I endorse the kind words of the hon. Member for St. Pancras, North (Mr. Stallard). He introduced the Bill with the competence that we have come to expect of him. The debate has not been partisan, although there have been one or two criticisms of the Government on such matters as housing and employment. There is no need for any Conservative Member of Parliament to defend his party's performance to Londoners. They passed their verdict last week. It is worth reminding Opposition Members that we increased our overall haul of seats in London handsomely. The increase has been from 713 in 1974, to 960 in 1978 and 978 in 1982. That compares with a slump in Labour seats from 1,090 in 1974 to 784 last week. We had speeches from hon. Members representing Croydon where the Conservative majority increased from 38 to 54, from Hillingdon where the increase was from 35 to 45 and from Bromley where the increase was from 42 to 46.
I need only quote what the right hon. Member for Manchester, Ardwick (Mr. Kaufman) said about the matter:In many London boroughs there was a swing from Labour to a position even worse than in 1979.It is worth pointing out that a number of Greater London Members who spoke in the debate today would not have been here had there been a parliamentary election last week.
I see that in the constituency of the hon. Member for Croydon, North-West (Mr. Pitt) the Conservatives polled twice as many votes as the hon. Gentleman's party. The hon. Member for Battersea, South (Mr. Dubs) would also have been out, as would a large number of other Labour Members whom I shall not embarrass by naming. There was also a very encouraging result in Mitcham and Morden, and I am sure that Miss Angela Rumbold will do very well when her time comes a few weeks from now.
Any hon. Member representing a London seat who wanted coverage in his local paper had only to speak on part III dealing with sex shops. From what I know of local papers, they will print in full any comment that any hon. Member makes on the subject, probably with a photograph of him at the top. As I have no need for any extra exposure in my own local paper, I shall make no comment on that in relation to my constituency, except to say that it seems to be the only constituency in Greater London that is not threatened with—or promised, depending on one's point of view—such an establishment.

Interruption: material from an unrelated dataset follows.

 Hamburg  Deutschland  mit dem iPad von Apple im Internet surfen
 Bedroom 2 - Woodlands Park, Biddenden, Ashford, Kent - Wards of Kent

One or two points were raised about the relationship between the provisions of the Bill and those of the Local Government (Miscellaneous Provisions) Bill currently going through Parliament. I am grateful to the hon. Member for St. Pancras, North for his helpful remarks about the provisions that the Government have now added to that Bill.
I liked the air of injured innocence with which the hon. Gentleman introduced the subject of sex encounter premises, as though he had no idea what they were. I should mention that the addition of these premises, which were adequately described in the debate, to the provisions of the local government Bill, will be debated on Monday in another place, so if any hon. Member does not know 1062 what they are I suggest that he goes to the other place on Monday, when I am sure that the matter will be fully ventilated.
The hon. Member for Tooting (Mr. Cox) mentioned various points of detail about publicity. Under the Government's proposals on sex shops, notices would have to be affixed to the premises or close by, informing people that an application was being made for a licence. That is in addition to the publication of notices in the local paper. With regard to opening hours, under the Government's proposals, the local authority could attach conditions to the licence regulating the hours of opening and closing and could consider requiring the premises to be closed on Sundays. The local government Bill also makes provision for local authorities to insert restrictions of that kind.
My hon. Friend the Member for Ravensbourne (Mr. Hunt) drew attention to the relationship between high rates and unemployment. He referred to the problem facing many Londoners in that accommodation that would previously have been available to them is being taken over by overseas visitors. This was mentioned by a number of other hon. Members. On this, I refer hon. Members to a perceptive publication entitled "Tourism: Blessing or Blight?" that I wrote some 10 years ago and which considers the relationship in some detail.
The hon. Member for Hackney, South and Shoreditch (Mr. Brown) will also be looking with some doubts at the election results this week. He mentioned the problems of roads being dug up in his constituency. The provisions of the Bill may act as a deterrent in that the undertakers will now face charges and will not be able to dig up the roads without good reason.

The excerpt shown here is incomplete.